The president is back in Washington, where in about an hour he will be meeting at the White House with the leaders of both houses of Congress in a last-ditch and likely futile to avert the fiscal cliff.
“What appears more likely,” writes Politico’s Manu Raju, “is either a bipartisan recognition that a deal is out of reach, or, at best, lawmakers would agree to continue talking before the New Year’s Day deadline.”
At the meeting, Obama is expected to make what the White House considers a scaled-back offer — one to raise taxes on income over $250,000, extend jobless benefits, delay defense and domestic cuts and patch the Alternative Minimum Tax, sources say. Raising taxes at that level is a non-starter for Republicans, who want far more in spending cuts.
But if offered, such a deal is almost certainly dead in the water. Raju quotes North Carolina Sen. Richard Burr, the chief GOP deputy whip, as saying it would “take a monumental move” for a deal to be reached, adding that if Obama pitches a plan to set the tax threshold at $250,000, “I think we can just sort of laugh at it.”
That quarter-million-dollar figure is the flashpoint. House Speaker John Boehner cannot sell that tax increase to his base, at this juncture probably even if the president is willing to sweeten the pot by agreeing to serious entitlement cuts and reform.

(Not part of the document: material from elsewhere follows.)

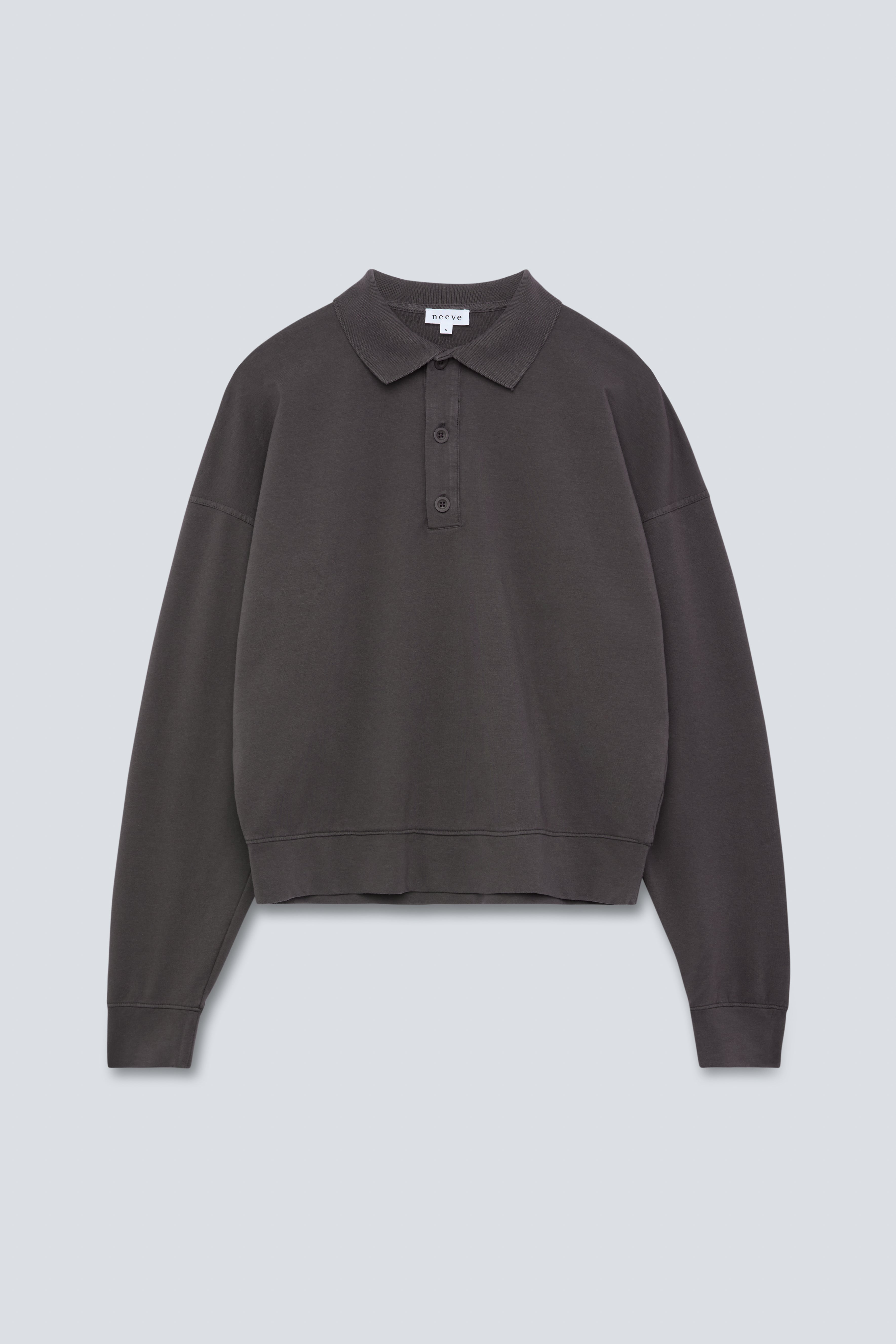 The Remi in Pitch Black. Polo long sleeve and a boxy shape.  Made from 100% organic cotton babyfleece. GOTS. Front view.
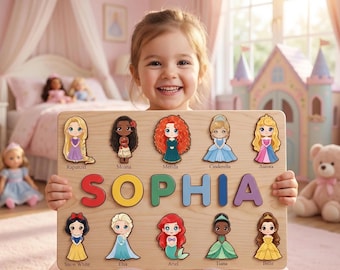 May include: A rectangular wooden puzzle board featuring the name SOPHIA in large, colourful, raised letters. The board includes ten cartoon-style princess figures, each labelled with their name: Rapunzel, Moana, Merida, Cinderella, Aurora, Snow White, Elsa, Ariel, Tiana, and Belle.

And Obama can’t back down from that threshold. It’s not so much a matter that he won’t as it is that he can’t. What hangs in the balance is the yawning chasm that separates Obama the man from Obama the fictional warrior. Since his inauguration in 2008, he has effected a bellicose persona. It’s not a flattering trait, but it’s who Barack Obama, the community organizer, thinks he should project as president. Those who elected him dutifully waited for him to emerge as the tough, angry hombre they knew lurked somewhere inside his lanky frame.
And they waited … and waited. More than once he has been accused of caving to GOP demands, and each time he has been excoriated by his most ardent admirers in the media. In 2010, Katrina vanden Heuvel asked rhetorically in a Washington Post headline whether Obama was on his way to a failed presidency. Each time he whiffed — on this occasion he acknowledged in a White House address that “the American people didn’t send us here to wage symbolic battles or win symbolic victories” — he would come back more firmly resolved to stick it to the opposition.
Why this was ever viewed as a positive is hard to see, but each time someone in his camp would emerge and state publicly that finally here is the Obama we voted for. And that is why, lousy reason though it is, he can’t back down on the amount of flesh he pledged to wring out of the wealthiest Americans. The country will suffer mightily, and so probably will he.
But he will at least be able to look in the mirror and say, “I’ve arrived.” Depending on how convincingly he says it, he may even believe it himself.